Julius Neubronner, Frankfurt yakınlarındaki memleketi Kronberg’in yakınında bulunan bir sanatoryuma ilaç yollamak için güvercin kullanan bir eczacıydı. Eczacılık Julius Neubronner’in aile mesleğiydi. Babası ve büyükbabası da eczacıydı.
O günlerde güvercinler, mesajlar ve küçük malzemeler taşımak için yaygın olarak kullanılırdı. Julius’ın babası, sanatoryumdan reçeteler almak ve hızla tıbbi malzemeleri göndermek için güvercinleri kullanmaya başlamıştı. Güvercinle ilaç transferi sanatoryumun kapanmasına kadar -yarım yüzyıldan fazla bir süre- devam etti.
Bir gün, Neubronner acil bir durum için bir güvercin bıraktı ama güvercin geri dönmedi. Olayın üstünden birkaç gün geçince, Neubronner güvercinin kaybolduğunu ya da avcılar tarafından yakalanıp, öldürüldüğünü düşündü. Bir ay sonra, kayıp haberci beklenmedik bir şekilde Neubronner’in evine geri döndü. Kuşun durumu gayet iyi görünüyordu, bu da Neubronner’ı düşünmeye itti. O nereye gitti? Onu kim besledi?

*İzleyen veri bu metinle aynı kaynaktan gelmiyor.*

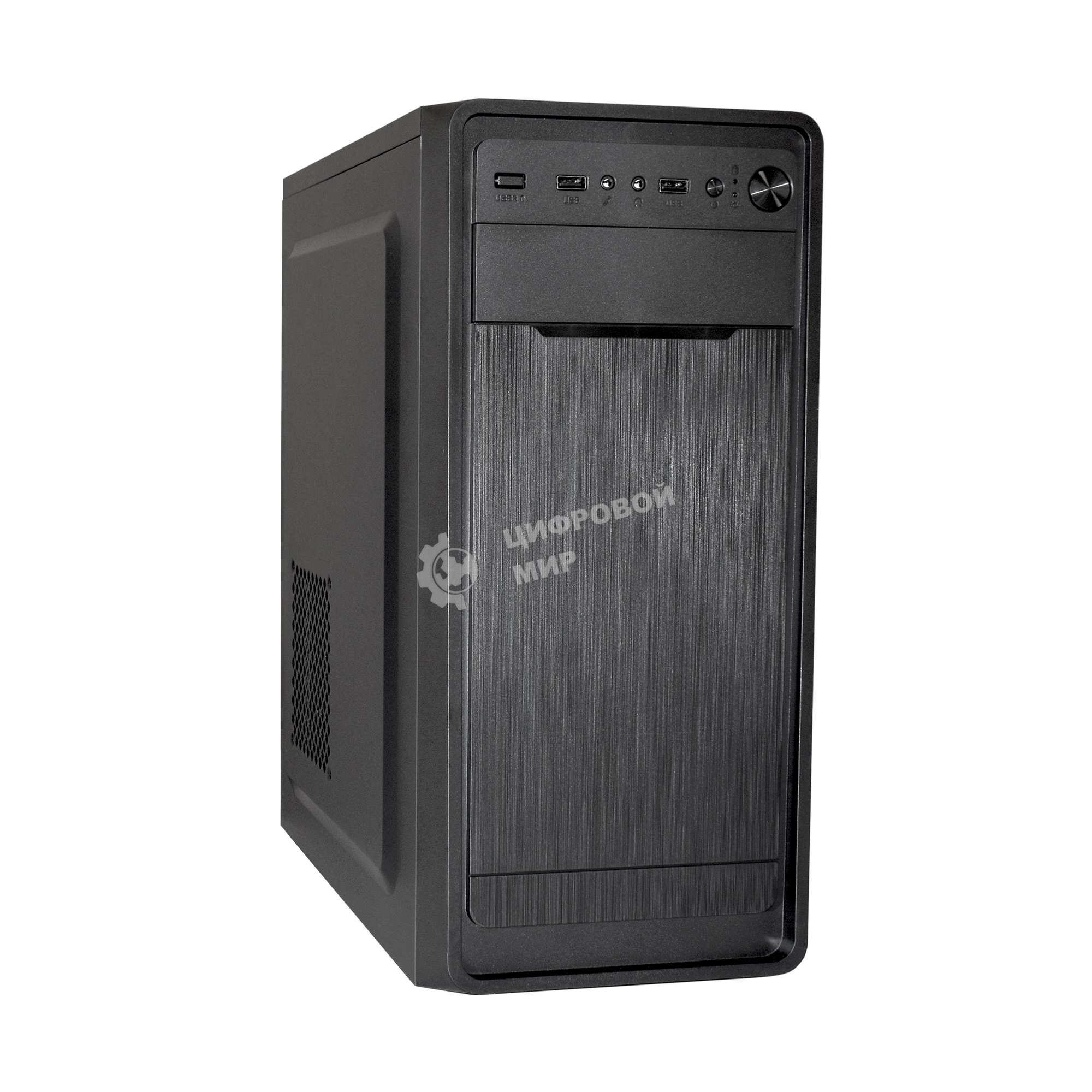 Компьютерный корпус Miditower ExeGate XP-332 Black, ATX, (XP600, Black,120мм), 2*USB, Audio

Neubronner, güvercinlerinin yolculuklarını takip etmeye o gün karar verdi.
Tutkulu bir amatör fotoğrafçı olan Neubronner, bir emniyet kemeri ve alüminyum yardımıyla güvercinin göğsüne minyatür bir fotoğraf makinesi giydirdi. Kameradaki sistemle, önceden belirlenmiş aralıklarla deklanşör çalıştı ve tek bir uçuşta otuz pozlama yakaladı. Kameranın tüm ağırlığı sadece 75 gramdı ki bu ağırlık güvercinlerin taşımak için eğitildiği maksimum yük olarak bilinir.
Fotoğrafların beklemediği kadar iyi çıkması üzerine, Neubronner patent başvurusunda bulunmaya karar verdi. Patent ofisi, bir güvercinin kamera taşıyacağına inanmadığı için böyle bir şeyin imkansız olduğunu iddia ederek, başvuruyu reddetti. Pes etmeyen Neubronner, güvercinler tarafından çekilen fotoğrafları sununca, 1908 yılında patenti almayı başardı.
Neubronner, fotoğraflarını çeşitli uluslararası fotoğraf sergilerinde sergiledi.
Güvercinler gözetleme uçaklarından daha az dikkat çektiği ve düşman mevzilerini daha düşük bir yükseklikten fotoğraflayabildiği için Birinci Dünya Savaşı sırasında kullanıldı. Neubronner’in kuş teknolojisi, İkinci Dünya Savaşı’nda da kullanıldı.
Alman ordusu, uçuş başına 200 poz çekebilen güvercin kamerası geliştirdi. Aynı dönemde İsviçreli saat üreticisi Christian Adrian Michel, panoramik bir kamerayla ve deklanşörü kontrol etmek için geliştirilmiş bir mekanizmayı geliştirdi. Güvercin fotoğrafçılığı, 1970’lerin sonlarına kadar CIA tarafından da kullanılıyordu.
Peki bir ay boyunca ortadan kaybolan Neubronner’in güvercisine ne oldu? Yaklaşık yirmi kilometre uzaklıktaki Wiesbaden’e kadar uçan güvercin ve bir restoran şefi tarafından bakılmış.